Siswa saya sempat merespon pemaparan saya dengan beberapa gurauan seperti, “Ibnu Rusyd dan Ibnu Sina saja belajar filsafat demi menyelaraskan agama dan sains. Masa iya sih tokoh Islam terkemuka kita juga sesat? Hehe. Kami juga mempelajari Teodisik kok (teologi dimana kami bisa membuktikan eksistensi Tuhan). Lha kalo masalah sesat atau ngga ya kembali ke orangnya kali, haha.”

Tapi respon paling maknyus yang juga samapi nancep ke bagian otak saya yang paling dalam adalah ketika ia menyatakan, “kalau memang merasa agamamu bisa bener-bener diimani, agamamu agama yang bener, kenapa harus takut ketika dianalisis ketika dibicarakan? Ketika ditantang untuk membuktikan eksistensinya?”
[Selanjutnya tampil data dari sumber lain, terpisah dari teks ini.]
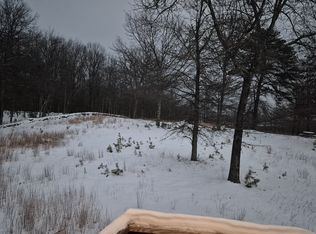 141 Mountain Shadows Dr, Dingmans Ferry, PA 18328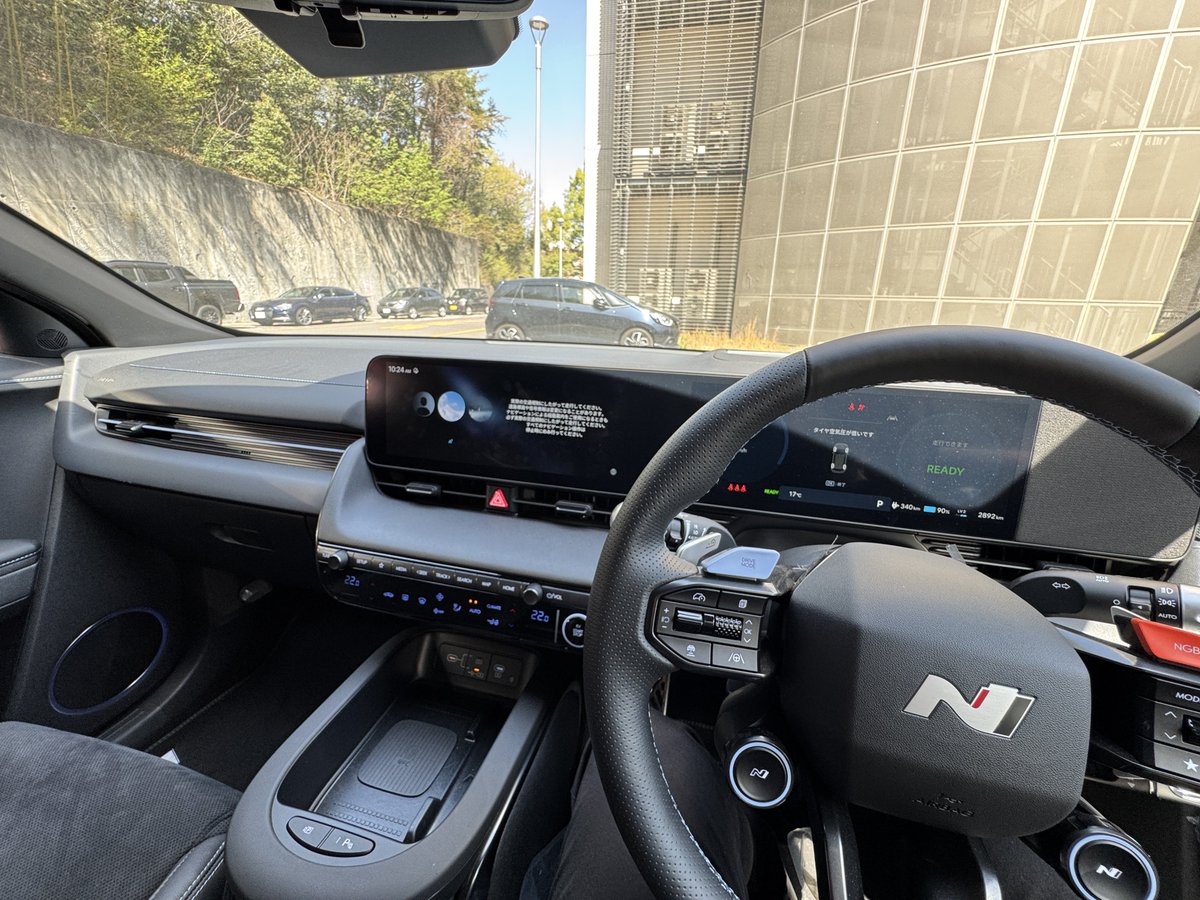 wjm_auto's tweet photo. 先日こちらの車を体験しました。

𝑯𝒚𝒖𝒏𝒅𝒂𝒊 𝑰𝑶𝑵𝑰𝑸 𝟓 𝑵

650馬力/750Nm
0-100km/h 3.4s

私有地を走行したのみですが、NGBモードは恐ろしいほどの加速･･･
硬めの足回りではあるものの不快感ナシ。かなりの剛性感。内装の質感や作りもGOOD👌
これは良いクルマ！ https://t.co/8YIKKKaB9X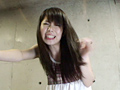 立ちクンニされながら質問に答える女【三】
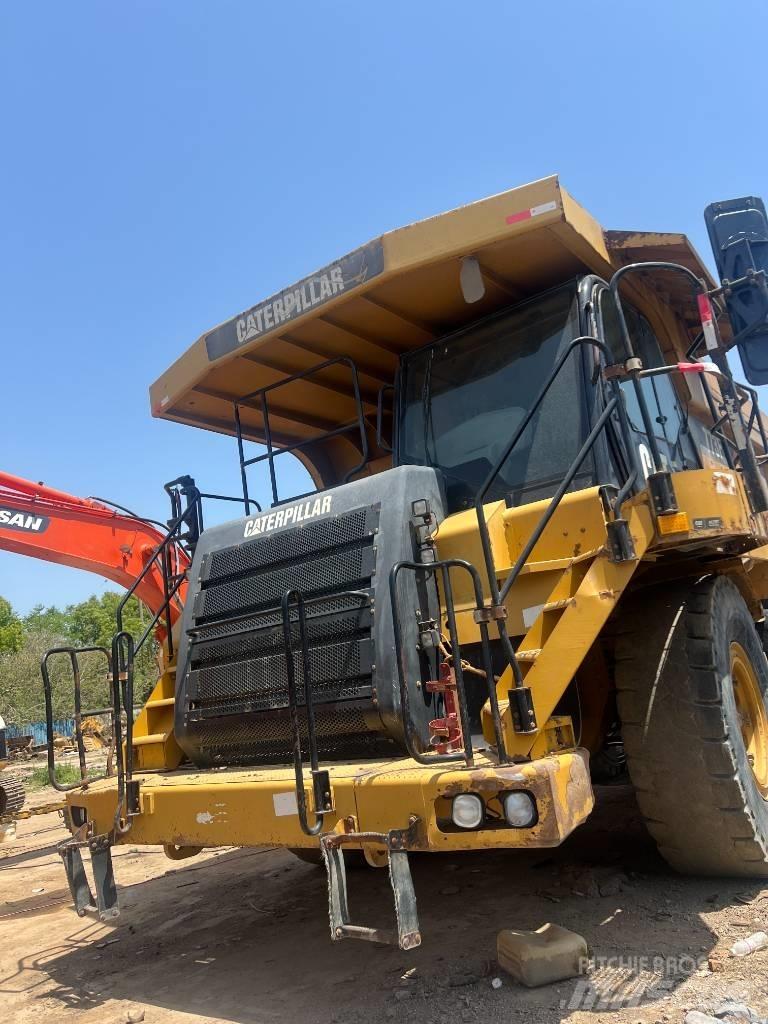 CAT 773E ساحبات مفصلية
“Karena kita sebagai manusia bisa menjadi rasional dan intuitif. Memang untuk mengimani Zat Tuhan condongnya secara intuitif. Apa lagi agama-agama samawi. Tapi bukan berari kita tidak bisa membicarakannya, kan? Cara kita memandang Tuhan itu terserah. Kalau pun tidak mau ikut-ikutan merasionalisasikanTuhan, ya udah nggak apa-apa, fokus saja sama ibadahmu. Ngga usah diambil pusing, ya kan. Dan saya yakin pernyataan-pernyataan seperti keluar dari golongan ekstrimis yang seoah-olah ahli  bener-bener ahli dalam agama. Sedangkan saya yakin, yang bener-benar baik ilmu agamanya tidak akan sembarangan begitu.
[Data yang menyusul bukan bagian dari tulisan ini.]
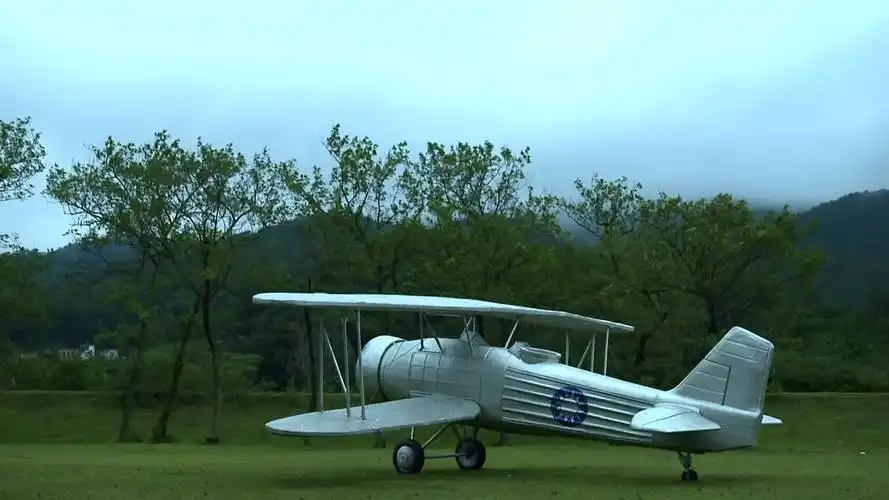 中国工农红军的第一架飞机如何得来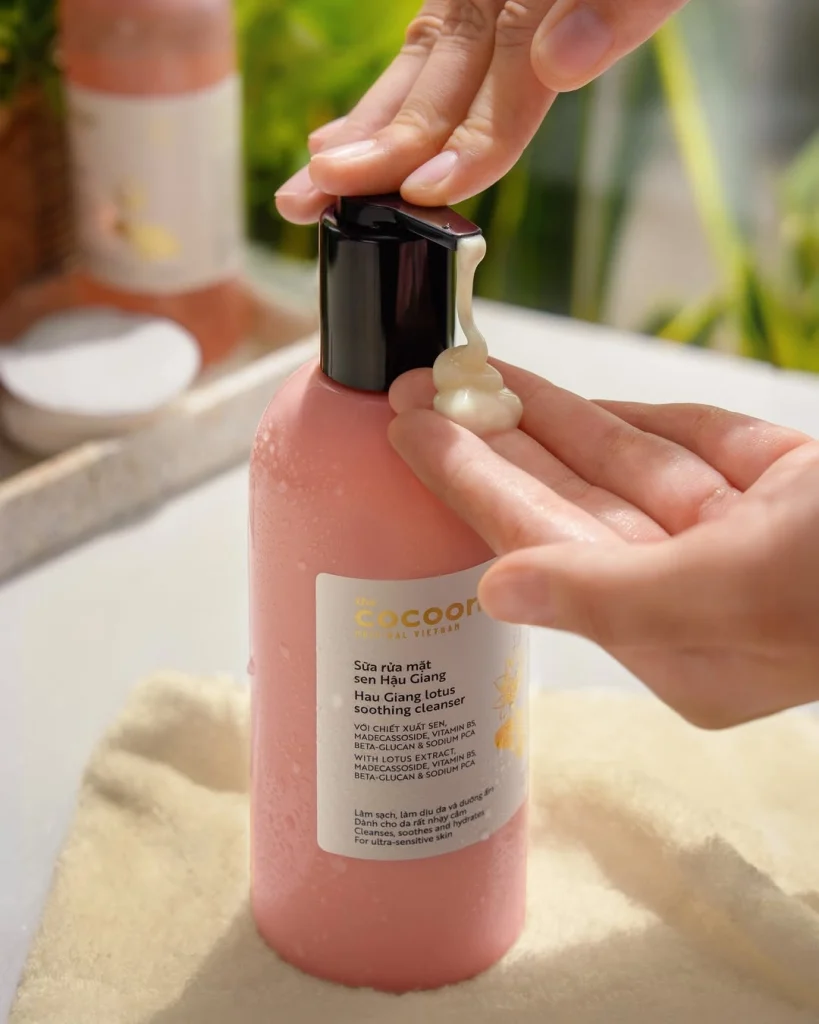 Sữa Rửa Mặt Sen Hậu Giang Cocoon 310ml Làm Sạch Dịu Nhẹ Cho Da Nhạy Cảm 2 Sữa Rửa Mặt Sen Hậu Giang Cocoon 310ml Làm Sạch Dịu Nhẹ Cho Da Nhạy Cảm - Ảnh 2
Masalahnya, entah bagaimana pola pikir sebagian masyarakat kiat bahwa ketika kita menggunakan akal super maksimal kok seolah-olah kita mempertanyakan eksistensi Tuhan. Sedangkan Tuhan saja mengatakan dalam firman-Nya bahwa tanda-tanda kekuasan-Nya tersebar di seluruh alam semesta dan hanya dapat dipahami oleh orang-orang yang berpikir. Dan masalahnya juga, bidang-bidang kehidupan ekonomi, sosial, politik, hukum, dan lain sebagainya tidak selamanya dapat dipahami dengan cara pandang yang sifatnya metafisik semata. Dan rancunya lagi, agama dan  ibadah kok cuma dipahami dalam ranah sempit saja. Mereka ahli ibadah, tapi buta akan perosoalan ekosospolhuk, kalau mereka tidak bisa makan sehari-hari dan mati, apa bisa ibadah? Gimana cobaaa..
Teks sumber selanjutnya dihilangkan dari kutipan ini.